*** Block opens ***

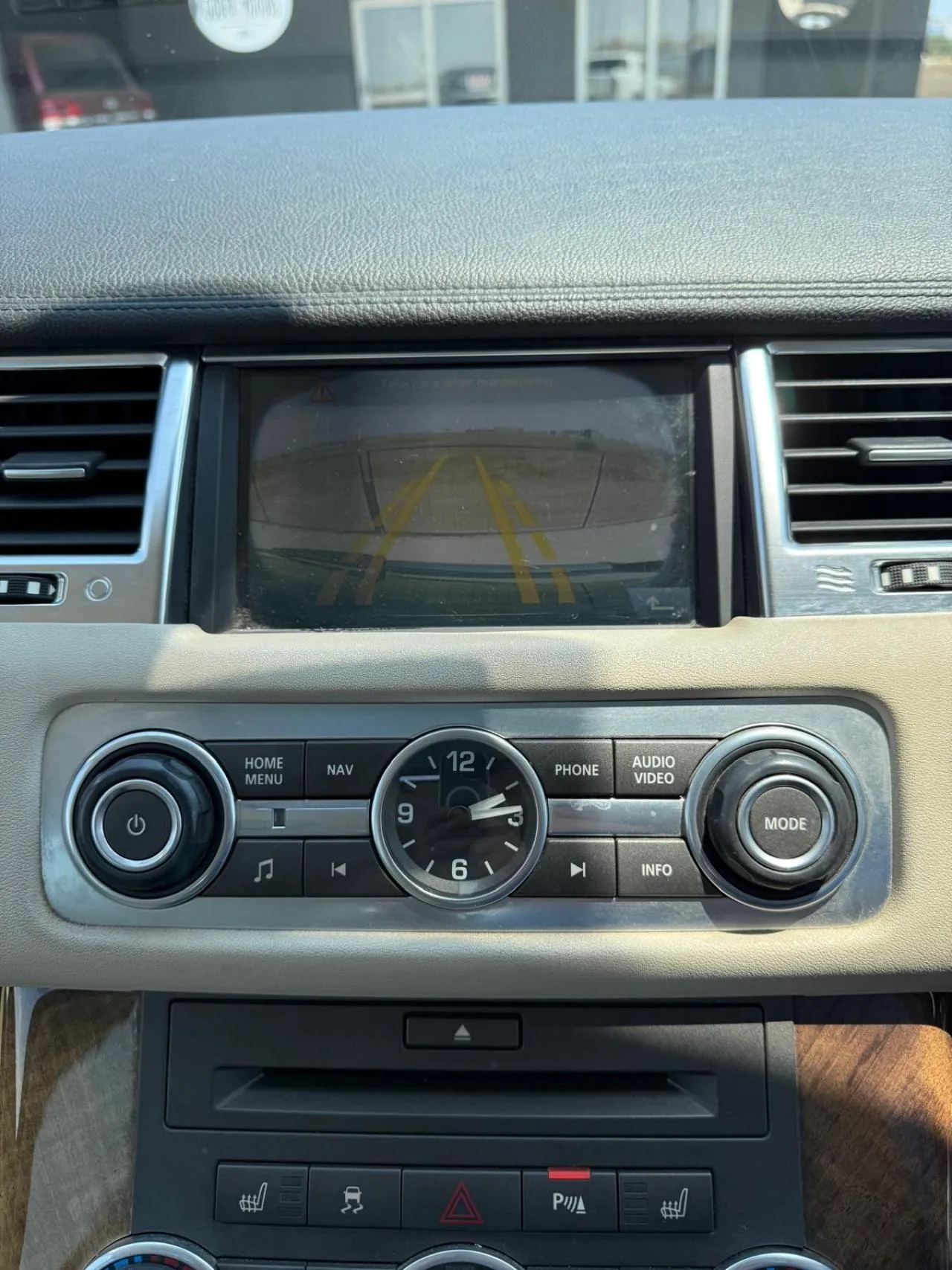2010 Land Rover Range Rover Sport 3.0 TDV6 Kıbrıs | KKTC İkinci El Satılık Araba - Thumbnail 6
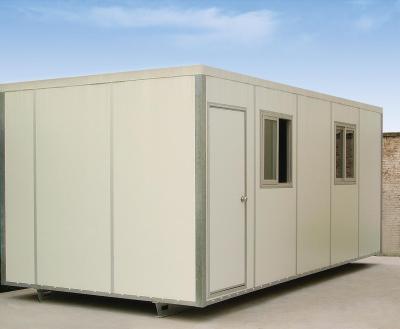 China Modern Modular Folding Prefab Modern Design Foldable Expandable Container House for sale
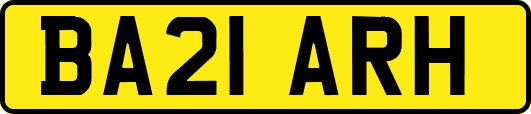 BA21ARH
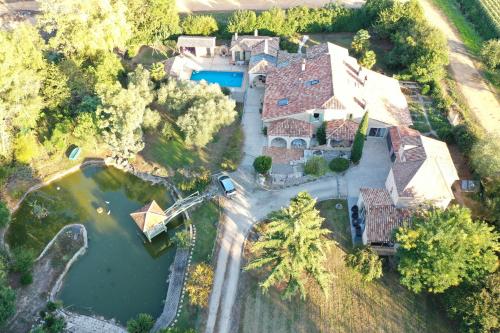 Le Bois de Montpouillan chambre d'hôte Marcellus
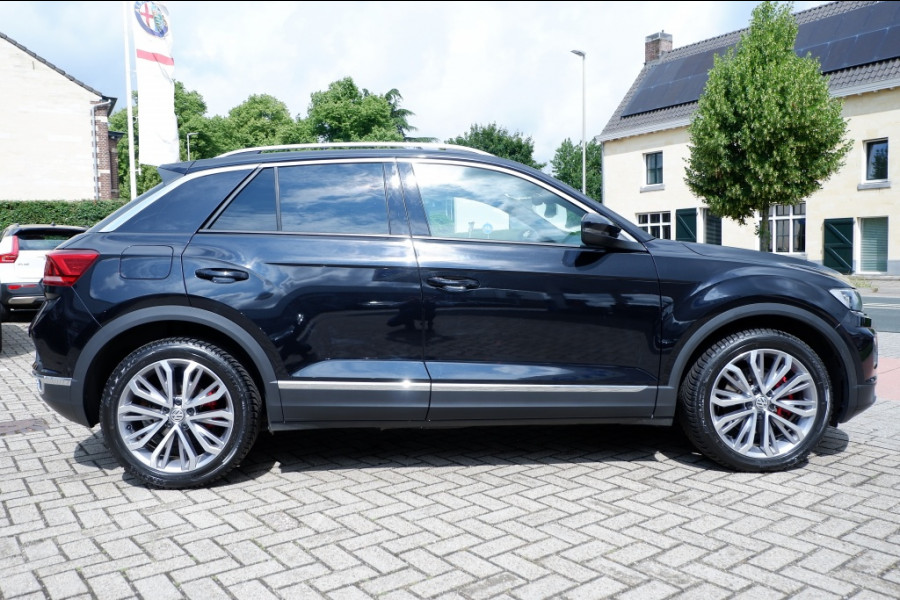 Volkswagen T-Roc 2.0 TSI 4Motion Sp. Autom. Rijklaarprijs 12MND BOVAG Garantie!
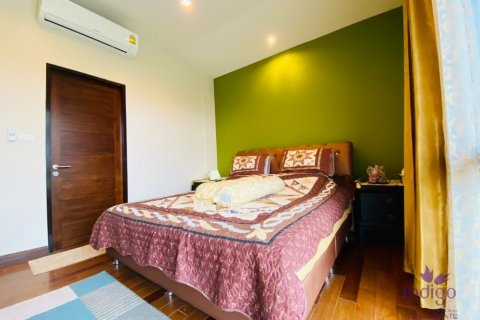 Дом в Сан-Сая, Таиланд с 3 спальнями  № 120278 - фото 12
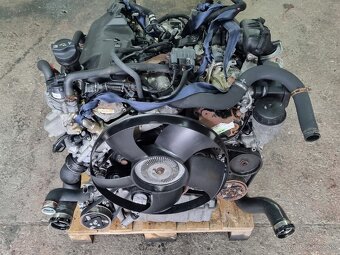 Mercedes Benz Motor 3.0 CDI V6 OM 642.896 140kw - 8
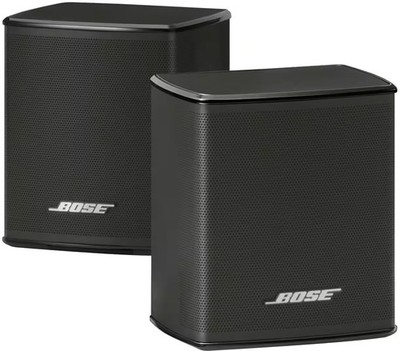 【新品未開封】BOSE SURROUND SPEAKERS ブラック Bose - Surround Speakers 120-Watt Wireless Home Theater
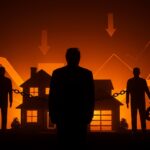 Restricción propuesta por Trump para limitar la inversión de Wall Street en viviendas unifamiliares, impactando el mercado inmobiliario estadounidense.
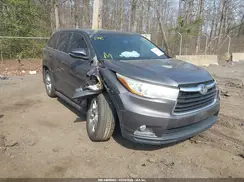 5TDDKRFH4GS264813 2016 TOYOTA HIGHLANDER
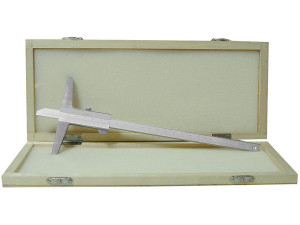 Subler mecanic de adancime 0 - 200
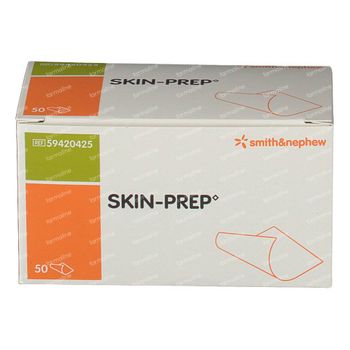 Skin Prep 50 st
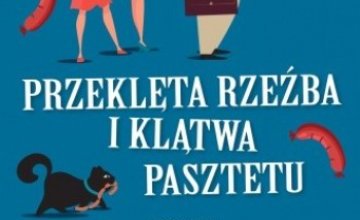 Współczesna komedia z akcją w "Książce na weekend"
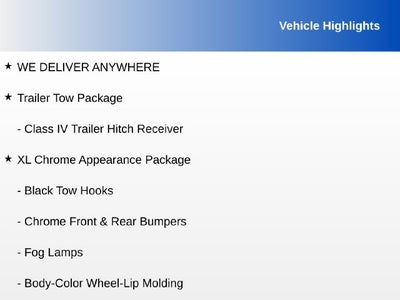 2020 Ford Ranger XL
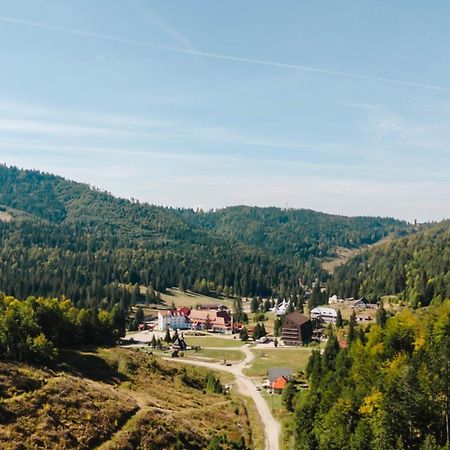 Hotel Iadolina Stana de Vale Luaran gambar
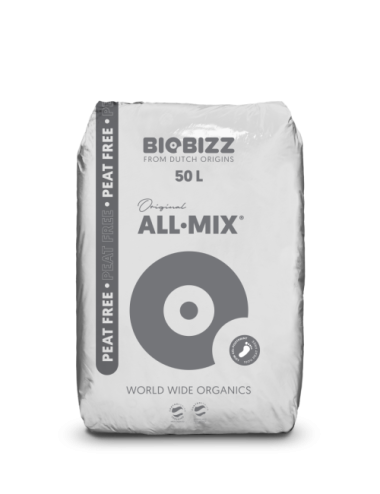 Sustrato all-mix peat free 50 l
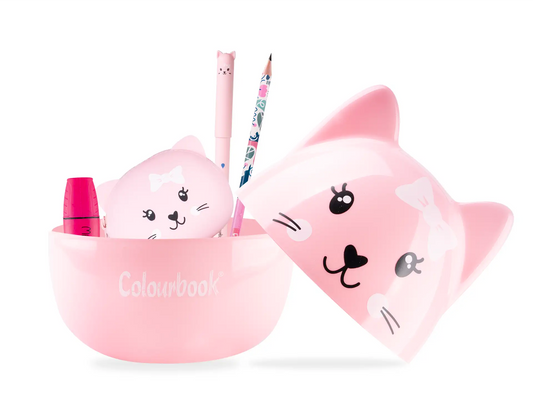 COLOURBOOK - Happy Box Cancellotte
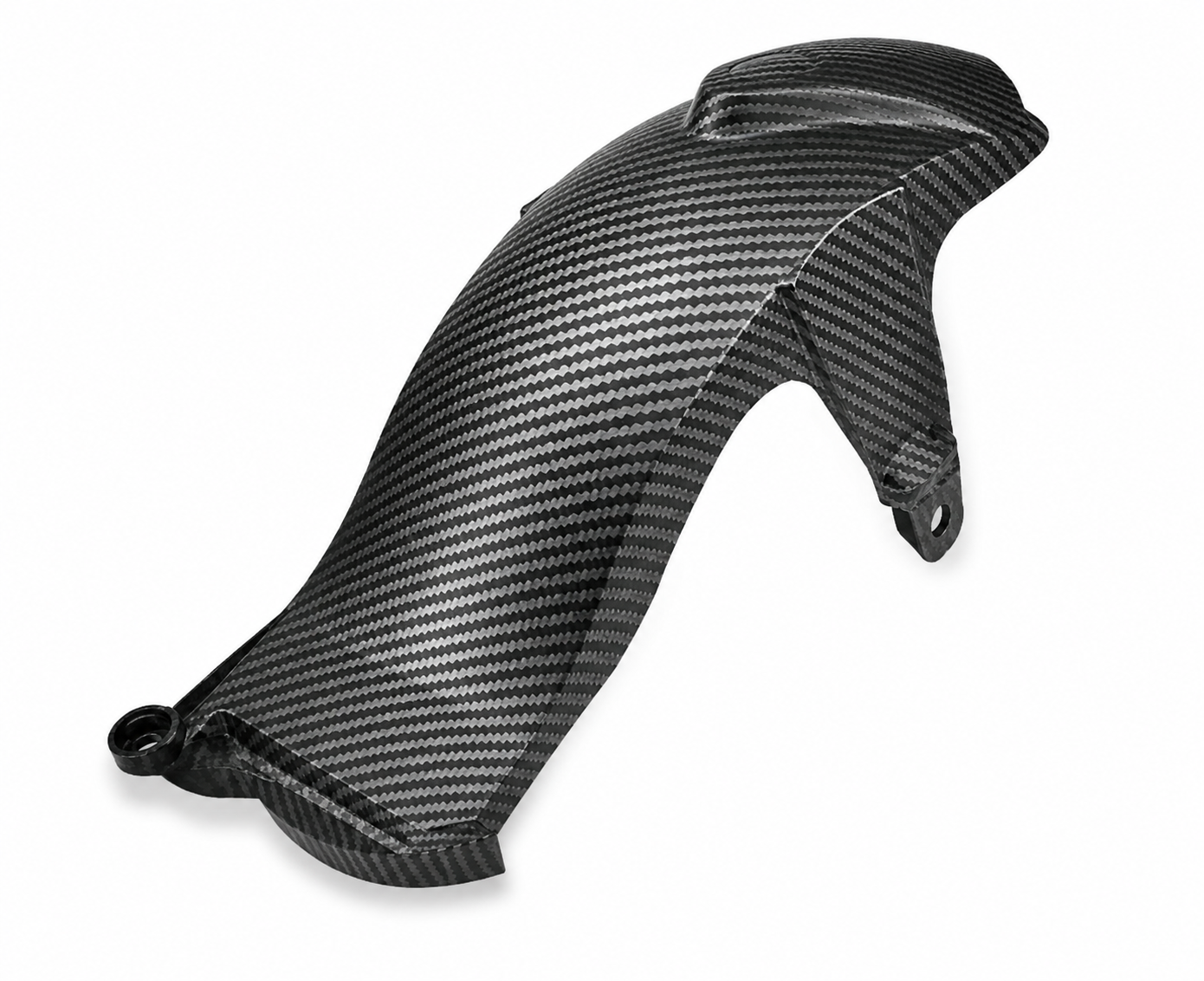 Nmax Techmax 125/155 2021-2024 Sıyırıcı Arka Çamurluk Karbon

*** Block closes ***

◆ **Task objective**
Only the pictures are to be left out; the rest of the material above should be printed verbatim.

◆ **Answer below**
2010 Land Rover Range Rover Sport 3.0 TDV6 Kıbrıs | KKTC İkinci El Satılık Araba - Thumbnail 6
 China Modern Modular Folding Prefab Modern Design Foldable Expandable Container House for sale
 BA21ARH
 Le Bois de Montpouillan chambre d'hôte Marcellus
 Volkswagen T-Roc 2.0 TSI 4Motion Sp. Autom. Rijklaarprijs 12MND BOVAG Garantie!
 Дом в Сан-Сая, Таиланд с 3 спальнями  № 120278 - фото 12
 Mercedes Benz Motor 3.0 CDI V6 OM 642.896 140kw - 8
 【新品未開封】BOSE SURROUND SPEAKERS ブラック Bose - Surround Speakers 120-Watt Wireless Home Theater
 Restricción propuesta por Trump para limitar la inversión de Wall Street en viviendas unifamiliares, impactando el mercado inmobiliario estadounidense.
 5TDDKRFH4GS264813 2016 TOYOTA HIGHLANDER
 Subler mecanic de adancime 0 - 200
 Skin Prep 50 st
 Współczesna komedia z akcją w "Książce na weekend"
 2020 Ford Ranger XL
 Hotel Iadolina Stana de Vale Luaran gambar
 Sustrato all-mix peat free 50 l
 COLOURBOOK - Happy Box Cancellotte
 Nmax Techmax 125/155 2021-2024 Sıyırıcı Arka Çamurluk Karbon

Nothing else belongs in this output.